Closed M4rkoHR closed 1 year ago
Cool ! I'll merge it ASAP.
Note1: we can make it faster using several tricks:
Note2: maybe we can select OLED or FrameBuffer when starting Doom (this will require understanding how command-line arguments are handled in Doom sourcecode, but it seems doable)
Oh, and I only implemented sending data to the SPI screen one byte at a time, we can probably send four bytes in one go, I'll investigate that (need to better understand LiteX SPI interface).
This is just a proof of concept atm, I'd like to note that it's not resizing the pixel array, it's interpolating and picking the closest one to the scale for the display while skipping others in the screen buffer (nearest neighbor).

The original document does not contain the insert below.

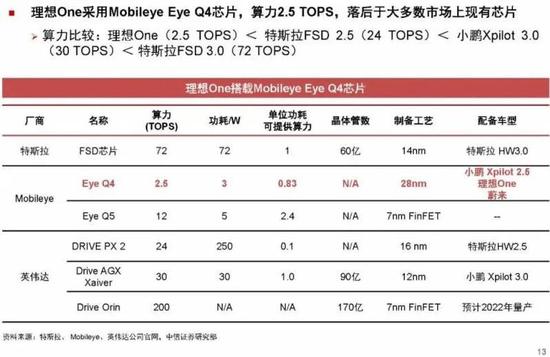 图 / 中信证券研报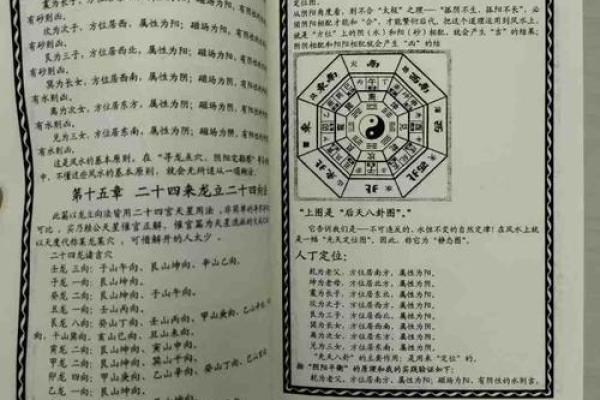 风水催官运最有效的有哪些方法呢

It's doing some simple FP arithmetic:
iy = (int) y*scale_y
and while I don't know how much these FP operations slow down the gameplay (1 per pixel + 1 per row), I think it's the 320x200 render resolution that's the main culprit.

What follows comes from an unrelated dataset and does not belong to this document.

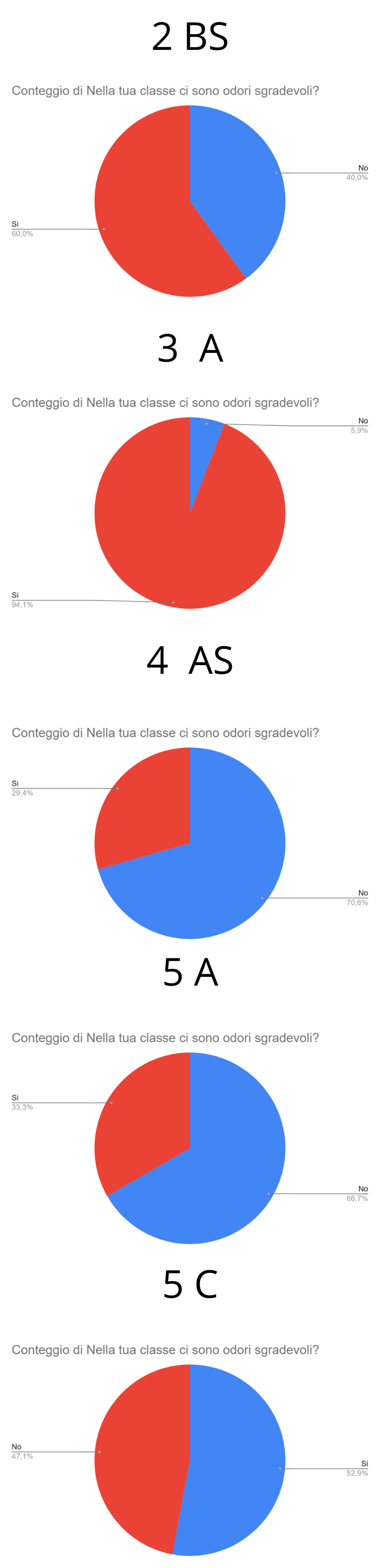 un test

I tested displaying the image without resizing (displaying the 96x64 portion of the top left corner) as well as skipping every third pixel (where you lose some pixels on the bottom and right) and it ran just as quick.
This is petitbateau on ULX3S 12F but it seemed to run just as quick (or slow, rather) as the example on Your twitter from January 2022.

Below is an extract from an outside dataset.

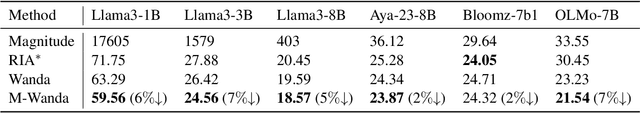 Figure 2 for M-Wanda: Improving One-Shot Pruning for Multilingual LLMs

Thanks for the quick answer, I'm glad to contribute 😃
Yes, you are right, time is dominated by all the rest, and it would run much smoother if we could decrease resolution, normally it is possible (I remember in the 90's I was doing that to play on my 33 MHz 486...). A possibility to make it approx 3x faster: generate LiteX with a VexRiscV processor (it has a pipeline, and it runs at slightly more than 1 cycle per instruction, whereas Petitbateau uses between 3 and 4 cycles per instruction). There is also TordBoyau (the pipelined version of femtorv) that may be even faster (but I need to find a way to interface it with LiteX's cache).
P.S. I have merged the pull request, and modified the Makefile in such a way that it generates both versions.
Just tested my faster OLED routine, it is significantly smoother (I'd say nearly 2x the FPS), it is nearly playable ! If we can wire the input routines to the buttons of the ULX3S, then we could play !
The optimized OLED routine gains a significant number of cycles per pixel:
The floating point division is performed only once per frame in this implementation (it could probably be computed only once in the Init, didn't think of that at the time), whereas floating point multiplication then cast to int is performed for every pixel (+ every row)... is multiplication faster than division in this example?
From quick googling it seems FP multiplication is closer to 6-7 cycles, still not as fast as integer multiplication but perhaps still irrelevant due to the inability to lower the resolution.
There is a possibility of manually computing the nearest pixel pairs and just creating a lookup table. This would use 6KB of memory but it should be as fast as scaling to 80x50 while maintaining full usage of the display.
Managing to lower (or at least change it to multiple of 96x64) the actual render resolution would be killing 2 birds with one stone (no scaling + faster render)
Regarding the buttons, could you point me in the direction of some LiteX or LiteOS code using the buttons so I can look into that.
Hi,
We will manage to lower resolution, I discussed with @sylefeb who knows the sourcecode of Doom very well and he will help us (it is a bit tricky though, because the GUI part on the lower part of the screen has some hardwired resolution in it, so we will need to tinker a little bit).
For the buttons, it will be quite easy. We just need to write a little bit of Amaranth code to create the CSR in such a way that LiteX automatically generates the code, I'll work on that ASAP and tell you.
About scaling, I'd really avoid using any FP operation, because we may want to use a core that does not have FP (then FP mul is going to cost several hundred cycles !). It is perfectly doable, either using a table as you said, or using a Bresenham-like algorithm (I have it somewhere, just need to dig my archives).
We will need also a sound driver ! (doom without sound is a bit frustrating). I'll also ask @sylefeb who did something on the ULX3S.
I got the Nearest Neighbor scaling working using a lookup table in #107
I added support for the SSD1331 OLED display on the Doom port (i_video_oled.c). It may need some tweaks from Fastdoom such as ability to lower resolution past 320x200 to run faster. I'm not very familiar with Makefile conditional compiling so I just hardcoded i_video_oled.c instead of the i_video_fb.c that used to be there.